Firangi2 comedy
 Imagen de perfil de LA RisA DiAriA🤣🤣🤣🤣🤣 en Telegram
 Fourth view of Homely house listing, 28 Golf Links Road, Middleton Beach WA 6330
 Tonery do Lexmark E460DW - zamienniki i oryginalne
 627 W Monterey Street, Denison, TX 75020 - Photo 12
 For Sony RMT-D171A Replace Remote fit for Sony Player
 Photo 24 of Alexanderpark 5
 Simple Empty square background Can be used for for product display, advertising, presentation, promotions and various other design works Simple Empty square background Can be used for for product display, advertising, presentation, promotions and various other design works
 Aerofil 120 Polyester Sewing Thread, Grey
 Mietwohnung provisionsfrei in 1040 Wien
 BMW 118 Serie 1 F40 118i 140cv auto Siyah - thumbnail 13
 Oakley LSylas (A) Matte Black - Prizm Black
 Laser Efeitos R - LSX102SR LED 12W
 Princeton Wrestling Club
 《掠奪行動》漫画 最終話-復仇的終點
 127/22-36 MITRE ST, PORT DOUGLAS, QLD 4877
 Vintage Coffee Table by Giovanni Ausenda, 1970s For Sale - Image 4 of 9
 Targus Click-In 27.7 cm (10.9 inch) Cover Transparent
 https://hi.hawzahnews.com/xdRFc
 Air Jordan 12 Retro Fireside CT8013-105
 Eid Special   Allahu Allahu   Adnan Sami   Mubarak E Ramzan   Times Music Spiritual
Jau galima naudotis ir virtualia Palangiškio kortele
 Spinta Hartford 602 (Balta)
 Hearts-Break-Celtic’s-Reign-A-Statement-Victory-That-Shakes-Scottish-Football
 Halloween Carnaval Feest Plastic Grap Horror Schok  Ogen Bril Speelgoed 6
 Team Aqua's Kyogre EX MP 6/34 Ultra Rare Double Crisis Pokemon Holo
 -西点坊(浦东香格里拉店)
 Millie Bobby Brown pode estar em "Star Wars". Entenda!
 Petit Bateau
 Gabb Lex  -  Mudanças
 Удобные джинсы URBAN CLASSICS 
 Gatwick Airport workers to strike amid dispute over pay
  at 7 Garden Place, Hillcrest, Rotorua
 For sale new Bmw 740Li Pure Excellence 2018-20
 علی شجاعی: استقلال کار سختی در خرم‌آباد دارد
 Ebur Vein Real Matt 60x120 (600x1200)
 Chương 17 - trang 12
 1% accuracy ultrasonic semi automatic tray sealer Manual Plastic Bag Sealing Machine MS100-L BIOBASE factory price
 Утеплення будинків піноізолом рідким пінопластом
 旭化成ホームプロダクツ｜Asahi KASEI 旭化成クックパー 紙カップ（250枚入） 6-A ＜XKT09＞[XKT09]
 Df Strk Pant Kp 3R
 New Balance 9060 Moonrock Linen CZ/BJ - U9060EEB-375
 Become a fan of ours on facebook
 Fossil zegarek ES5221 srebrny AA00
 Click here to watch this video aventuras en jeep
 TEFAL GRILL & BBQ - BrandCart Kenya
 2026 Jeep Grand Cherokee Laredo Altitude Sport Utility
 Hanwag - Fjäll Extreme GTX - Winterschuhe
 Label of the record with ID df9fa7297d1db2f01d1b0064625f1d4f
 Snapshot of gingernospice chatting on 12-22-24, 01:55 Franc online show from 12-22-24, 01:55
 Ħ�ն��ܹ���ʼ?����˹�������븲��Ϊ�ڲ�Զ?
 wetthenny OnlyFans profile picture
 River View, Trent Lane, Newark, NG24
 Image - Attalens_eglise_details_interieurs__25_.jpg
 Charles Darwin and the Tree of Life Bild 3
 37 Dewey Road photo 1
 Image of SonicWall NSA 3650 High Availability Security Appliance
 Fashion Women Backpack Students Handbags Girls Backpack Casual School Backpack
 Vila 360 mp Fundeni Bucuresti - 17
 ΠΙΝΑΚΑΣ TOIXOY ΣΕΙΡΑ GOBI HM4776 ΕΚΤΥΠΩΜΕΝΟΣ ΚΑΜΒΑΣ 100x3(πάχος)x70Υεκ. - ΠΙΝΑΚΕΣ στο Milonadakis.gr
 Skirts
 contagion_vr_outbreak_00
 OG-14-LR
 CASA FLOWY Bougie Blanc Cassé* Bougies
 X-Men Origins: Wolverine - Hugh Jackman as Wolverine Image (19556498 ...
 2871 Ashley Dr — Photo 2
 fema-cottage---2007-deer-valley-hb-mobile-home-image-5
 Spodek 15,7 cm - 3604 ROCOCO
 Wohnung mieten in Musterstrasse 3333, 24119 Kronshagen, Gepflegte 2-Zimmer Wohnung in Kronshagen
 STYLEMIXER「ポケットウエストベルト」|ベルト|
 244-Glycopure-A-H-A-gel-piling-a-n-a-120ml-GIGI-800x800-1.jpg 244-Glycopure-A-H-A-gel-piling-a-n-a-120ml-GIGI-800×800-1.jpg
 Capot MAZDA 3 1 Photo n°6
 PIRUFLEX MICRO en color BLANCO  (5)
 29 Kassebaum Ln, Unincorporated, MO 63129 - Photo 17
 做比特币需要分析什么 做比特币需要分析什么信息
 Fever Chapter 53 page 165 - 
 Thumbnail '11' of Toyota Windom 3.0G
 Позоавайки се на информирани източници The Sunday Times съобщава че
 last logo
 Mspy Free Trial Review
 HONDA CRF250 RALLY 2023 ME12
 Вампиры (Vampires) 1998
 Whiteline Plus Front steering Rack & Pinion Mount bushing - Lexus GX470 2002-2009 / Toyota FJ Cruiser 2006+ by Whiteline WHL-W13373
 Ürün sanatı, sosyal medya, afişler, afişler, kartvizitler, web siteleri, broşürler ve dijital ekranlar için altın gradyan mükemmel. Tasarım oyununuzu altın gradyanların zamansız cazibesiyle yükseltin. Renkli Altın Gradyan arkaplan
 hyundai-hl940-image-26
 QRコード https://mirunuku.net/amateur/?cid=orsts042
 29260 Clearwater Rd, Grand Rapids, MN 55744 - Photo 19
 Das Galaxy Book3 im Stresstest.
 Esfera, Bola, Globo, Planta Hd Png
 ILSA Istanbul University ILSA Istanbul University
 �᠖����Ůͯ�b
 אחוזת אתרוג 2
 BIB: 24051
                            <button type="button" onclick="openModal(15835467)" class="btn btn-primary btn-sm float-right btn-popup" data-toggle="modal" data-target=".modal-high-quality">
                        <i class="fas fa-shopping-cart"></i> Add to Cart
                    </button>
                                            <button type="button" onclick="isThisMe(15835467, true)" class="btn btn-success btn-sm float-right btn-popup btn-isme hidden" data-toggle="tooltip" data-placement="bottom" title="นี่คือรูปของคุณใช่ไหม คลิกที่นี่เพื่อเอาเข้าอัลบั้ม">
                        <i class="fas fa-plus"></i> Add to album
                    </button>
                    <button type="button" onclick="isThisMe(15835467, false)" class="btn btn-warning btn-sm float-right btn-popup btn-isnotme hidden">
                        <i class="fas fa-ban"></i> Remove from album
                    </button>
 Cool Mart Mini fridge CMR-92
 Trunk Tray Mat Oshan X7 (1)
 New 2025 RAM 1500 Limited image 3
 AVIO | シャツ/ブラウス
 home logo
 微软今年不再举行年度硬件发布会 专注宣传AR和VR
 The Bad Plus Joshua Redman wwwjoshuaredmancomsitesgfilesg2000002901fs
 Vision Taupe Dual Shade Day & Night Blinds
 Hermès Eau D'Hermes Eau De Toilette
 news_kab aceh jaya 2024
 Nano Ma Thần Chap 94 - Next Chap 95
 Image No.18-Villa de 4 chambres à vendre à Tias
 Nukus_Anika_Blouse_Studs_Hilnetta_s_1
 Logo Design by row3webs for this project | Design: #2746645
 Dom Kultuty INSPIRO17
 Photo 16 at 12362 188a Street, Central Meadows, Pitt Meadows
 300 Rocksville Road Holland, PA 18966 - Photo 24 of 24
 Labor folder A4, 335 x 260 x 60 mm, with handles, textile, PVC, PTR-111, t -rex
++++++++++
Lines that contain "hidden" are the result; find them in the entries above and copy each one.

Exercise result:
                                            <button type="button" onclick="isThisMe(15835467, true)" class="btn btn-success btn-sm float-right btn-popup btn-isme hidden" data-toggle="tooltip" data-placement="bottom" title="นี่คือรูปของคุณใช่ไหม คลิกที่นี่เพื่อเอาเข้าอัลบั้ม">
                    <button type="button" onclick="isThisMe(15835467, false)" class="btn btn-warning btn-sm float-right btn-popup btn-isnotme hidden">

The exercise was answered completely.